Key elements
- Persistent Selection: Selections stay active across filters, searches, and pages unless the user explicitly clears them
- Additive Selection via Filtered Header Checkbox: When filtered view is active and header checkbox is indeterminate, clicking it selects all filtered items and adds them to the existing global selection.
- Bulk action bar: Always visible when selection exists, even when selected items are outside the current view.
- Explicit Count and Visibility Clarity: Clearly show “N selected of X,” and inform the user when some items are hidden.
- Empty View with Active Selection: If a filtered view shows 0 results, but some items are selected, keep the selection bar visible and actionable.
Behaviour
Select all
When a user clicks the main checkbox in the unfiltered list, all items in the full dataset are selected. If they then apply a filter, the checkbox switches to the indeterminate state to reflect that some—but not all—of the filtered items are selected. At this point, clicking the checkbox again will select all items matching the current filter, replacing the previous selection with the filtered scope. This approach allows users to start broad and then narrow down their selection intentionally without unexpected side effects. It ensures that the checkbox always represents the scope of what is currently visible and gives users control over adjusting their selection as filters change.
Example: Page size 10, 3 checked rows → header state becomes indeterminate; click the box → all 10 items become selected.

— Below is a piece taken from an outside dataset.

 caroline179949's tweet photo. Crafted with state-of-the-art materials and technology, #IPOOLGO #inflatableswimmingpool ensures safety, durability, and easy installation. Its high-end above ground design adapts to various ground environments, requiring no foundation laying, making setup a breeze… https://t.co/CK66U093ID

Always show the scope of selection, even when items are hidden
When users can select items across a changing or scrollable view (like filtering, searching, or paginated content), always keep the current selection visible and understandable. Clearly communicate how many items are selected out of the total relevant set. If some selected items are outside the current view (e.g., filtered out or on another page), show that explicitly—through a badge, counter, or secondary text. The selection summary should remain visible regardless of scroll or context changes, so users are always aware of what their next action will apply to. This prevents surprises and builds trust when working with large or dynamic content sets.
Example: A user selects 10 visible items. After applying a filter, those 10 files disappear from view, but the selection count remains visible.

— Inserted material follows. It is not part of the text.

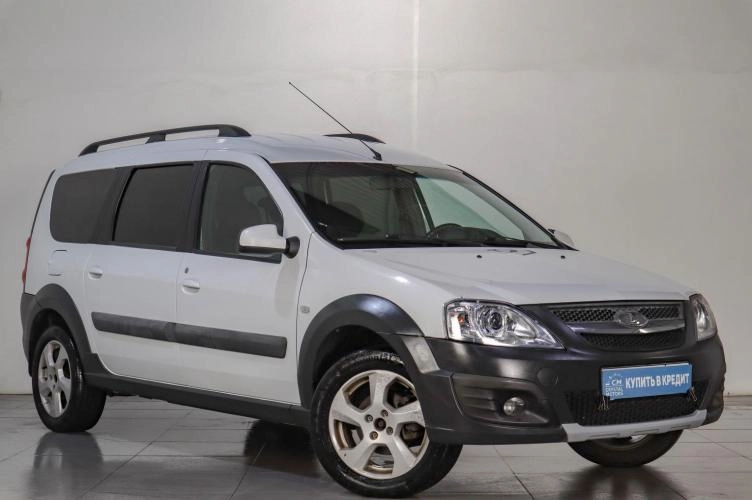 ВАЗ (LADA) Largus Cross 1 из 6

Never clear the selection automatically
Once an item is selected, it stays there until the user does something explicit:
- Navigates away from the view, dialog or page
- Use clear or cancel during the flow
- Do the action on top of the selection which will close the dialog (Bulk action bar or select popover)
Changing the search text or flipping a filter just changes what is rendered; it must not reset the set.
No other implicit event (e.g. changing workspace, applying filters, remove items) should wipe the selection. The user must actively choose “Clear selection” (or navigate away).
Example: Designers call this “preserve user work.” If you’ve ever tagged a dozen emails in Gmail, type a new search, and they vanish from the list but are still tagged, you’ve experienced this rule.
Empty View with Active Selection
If the filtered result = 0, but selection still contains items, the bulk bar must still appear and be actionable. Don’t hide the selection just because the current view is empty. It’s still valid.